物事に執着せず、形に執着せず、群れず、媚びず、礼すべき相手にはとことん尽くす。という生き方を日々過ごしています。
よかったら覗いていってくださいね。

昨日は妻がお世話になっているマッピングの先生つながりの
ピアニスト、天野由美子さんのリサイタルを聴きに家族で
すみだトリフォニーホールへ。
娘は嬉しさのあまり、やや興奮気味だったので外のホールでの観賞。

天野さん、桐朋音大を主席で卒業し、数々の賞をとりながらも
右手のコントロールが難しくなる、つまりピアニストとしては
致命的な病気をわずらい、そして克服。

ジャンルは違っていても、自分が同じ状況になったらどうなるだろうか、、、
描いているものを表現する手段が無くなってしまうなんて、想像しただけでも
それはそれは壮絶な壁だったはずです。


プログラムは、左手のために書かれた曲が演奏されました。
はじめは、吉松隆のアイノラ抒情曲集より。
吉松の作品は、村治さんの弾く「水色スカラー」しか知らなかったので、楽しみに
していました。

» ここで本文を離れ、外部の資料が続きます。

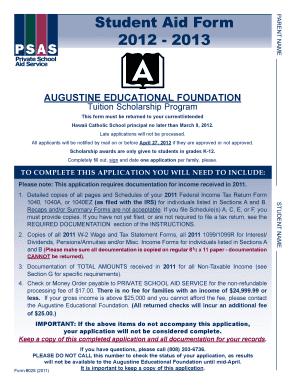 Student Aid Form 2012-2013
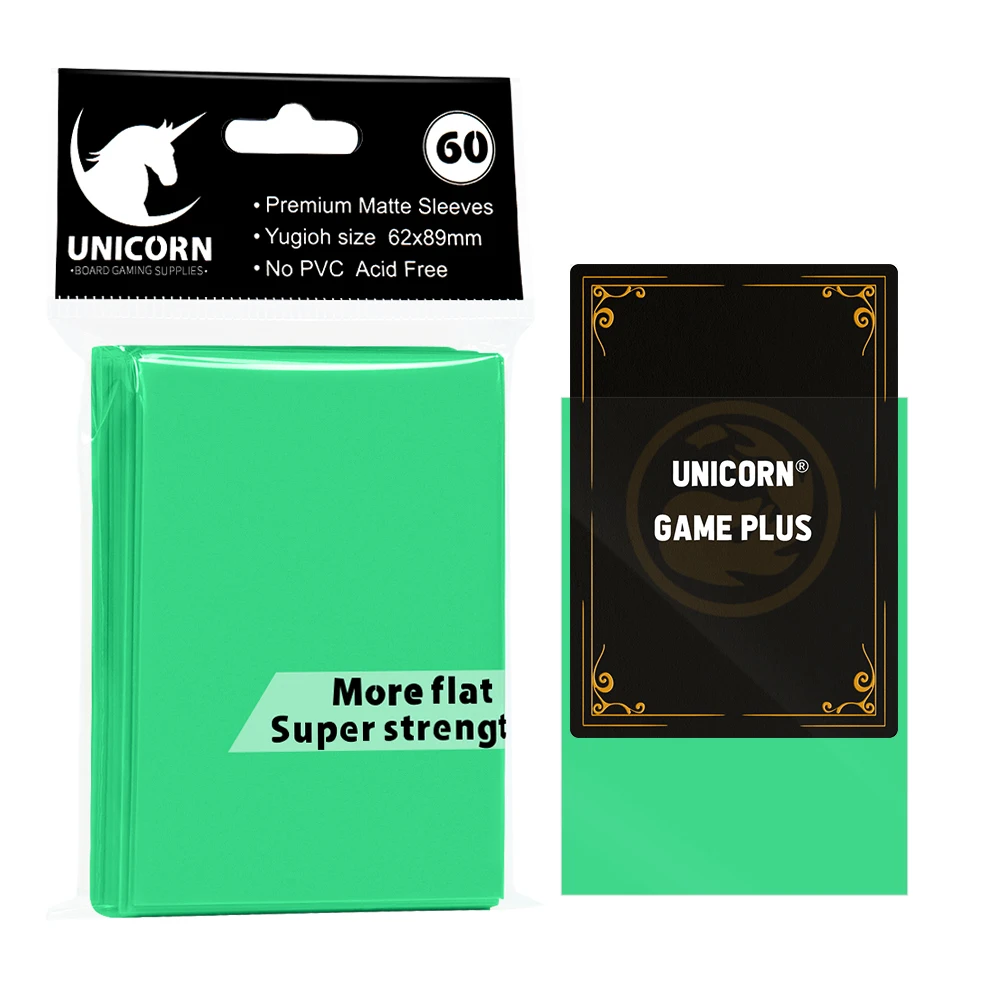 UNICORN GAME PLUS Yugioh Card Sleeves Colored Matte Japanese Size 62x89mm  Trading Card Sleeves Heat Embossing CPP Playing Card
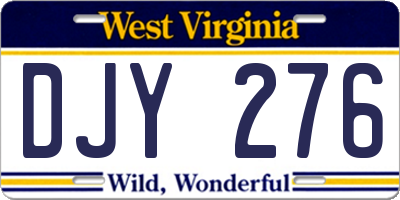 WV license plate DJY276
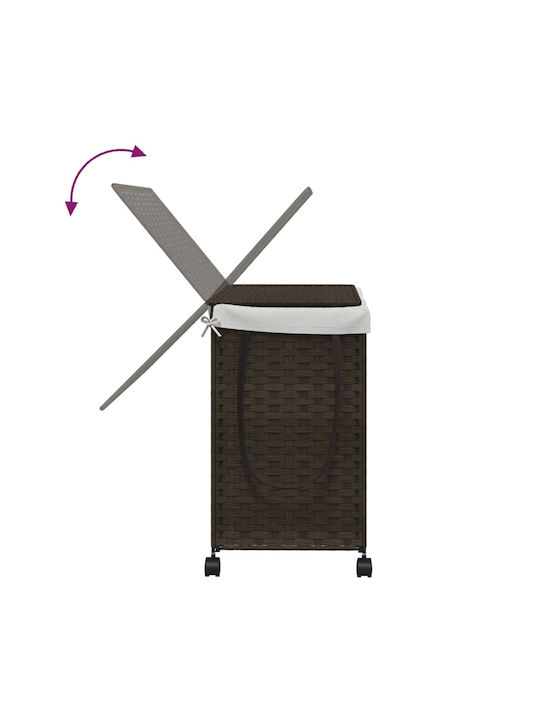 vidaXL Laundry Basket Fabric Folding with Cap 60x35x60.5cm Brown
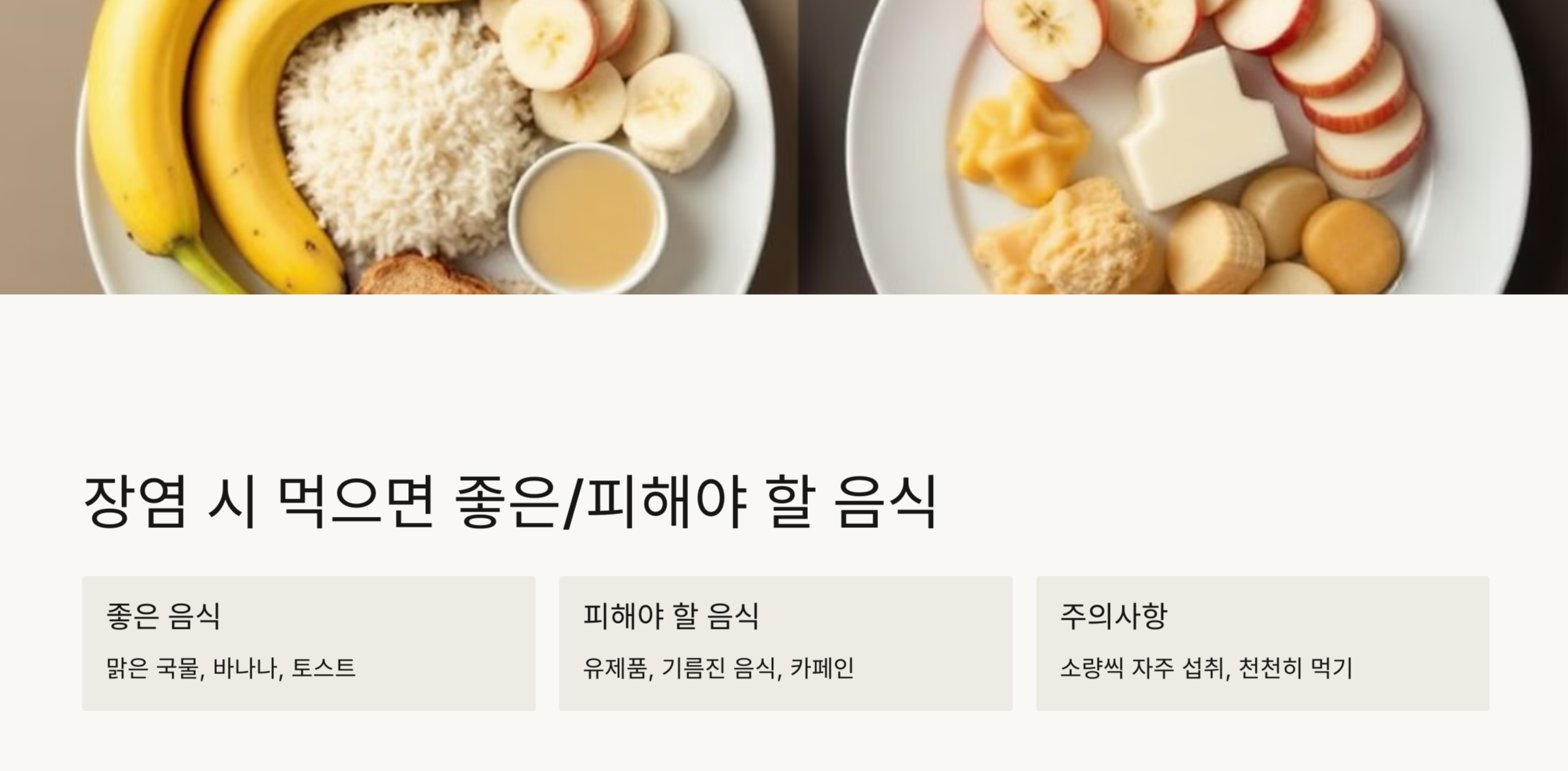 장염에 좋은 음식 사진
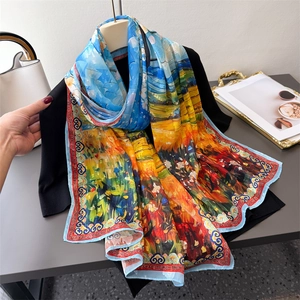 Women Artistic Oil Painting Print Satin Like Scarf Floral Deer Pattern Sun Protection Large Shawl Wrap Elegant Lightweight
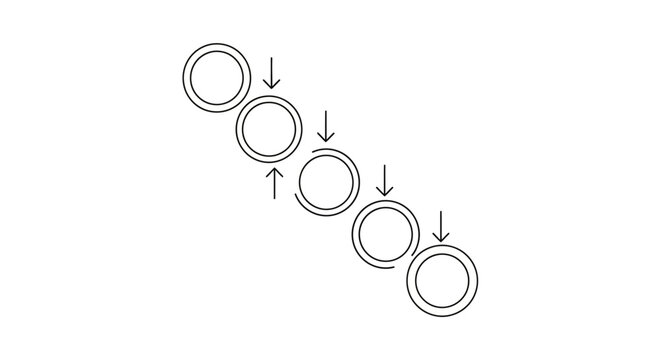 An illustration shows five circles with arrows pointing up and down in a diagonal line.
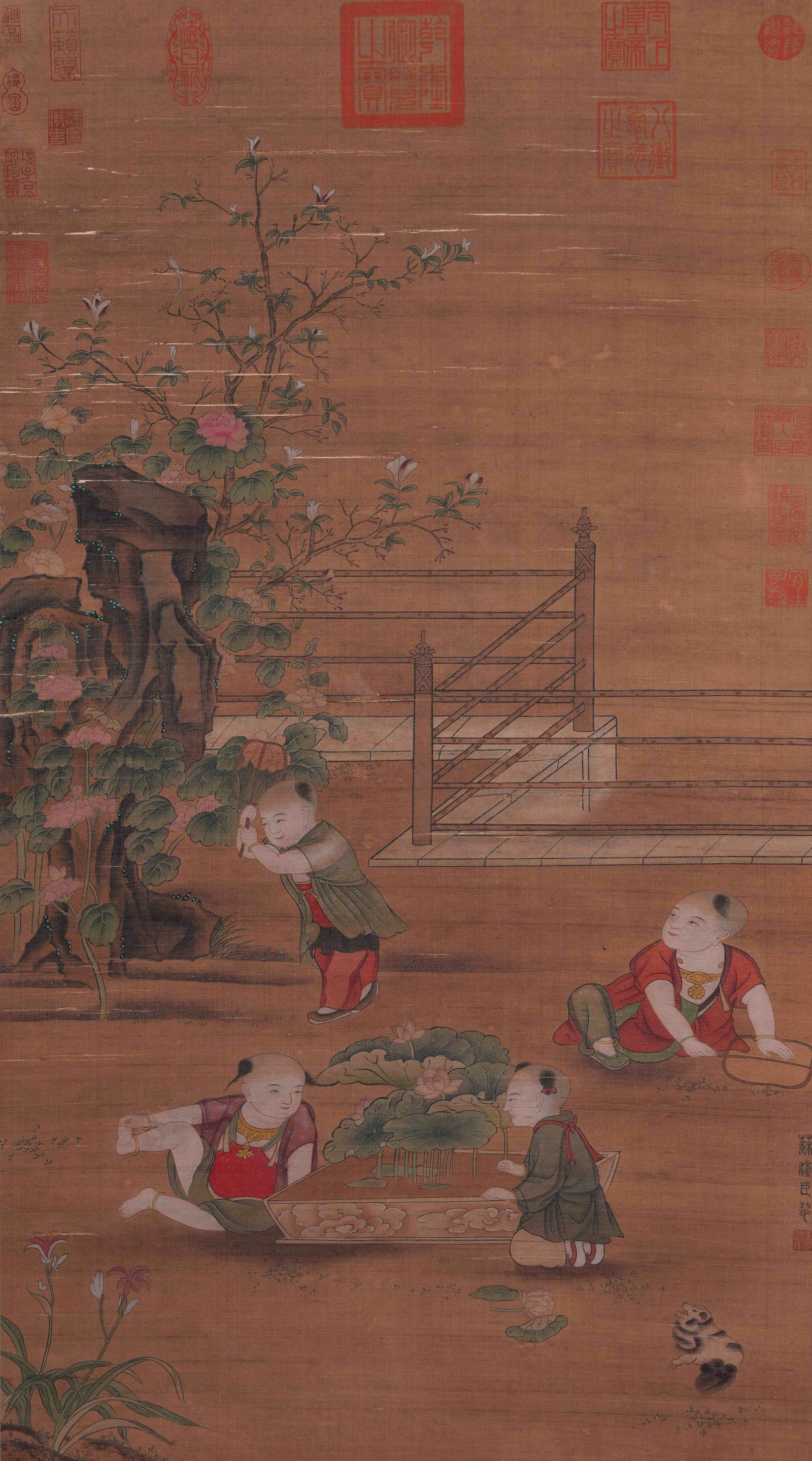 A CHILDREN AT PLAY PAINTING ON SILK BY SU HANCHEN.蘇漢臣: Children at Play Painting on Silk by Su Hanchen.蘇漢臣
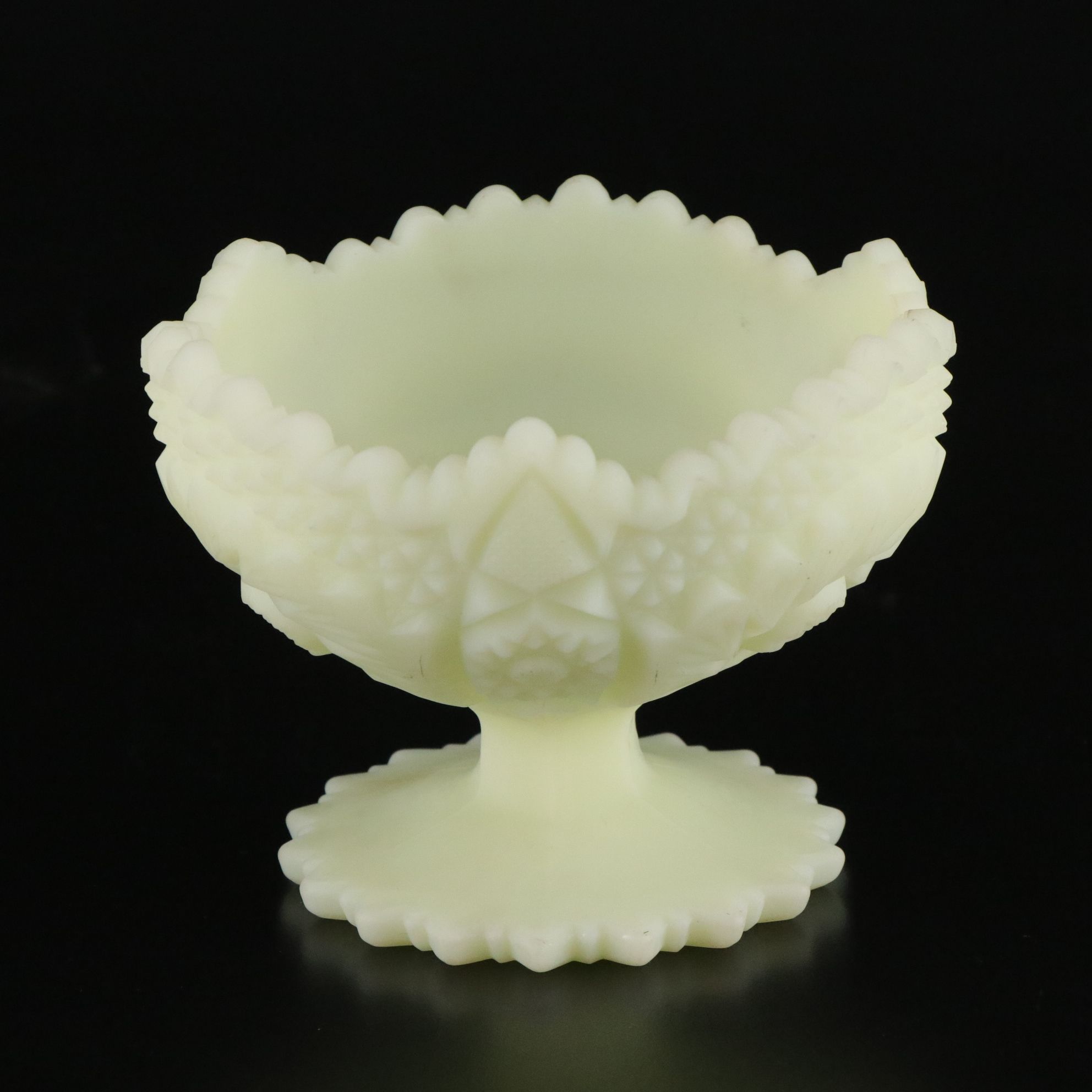 Fenton Satin Custard Glass Compote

アイノラ抒情曲集は、流れるようで、それでいて絶妙な調和の曲。
これが片手から生み出されているとは、、、

続いて、ライネッケのピアノソナタ作品179。ライネッケもほとんど親しみのない
作曲家だったので、興味深く聴きました。

休憩を挟んで、私と娘は外のホールに設置されたテレビで観賞。
スクリャービン、二つの小品 作品9。難しい曲かと思いきや、とても詩的なもので
した。それは、白ミサや黒ミサといった、重いものではなく、柴野さつきさんが弾
いている「LE SOUFFLE INFORME 」の雰囲気にとても似ていました。

最後はラヴェルの「左手のためのピアノ協奏曲」。タイトルを知らないままに、よく
聴きなじんだ曲でした。ホールの外だったので、思わず鼻歌が、、、
ピアノだけであの壮大で、リズムも難しい曲を。しかも片手で。いや左手で表現出来
るなんて、、、



表現の可能性。深さ。いろいろなことを感じる時間。
そして、音楽に浸る至福の時間。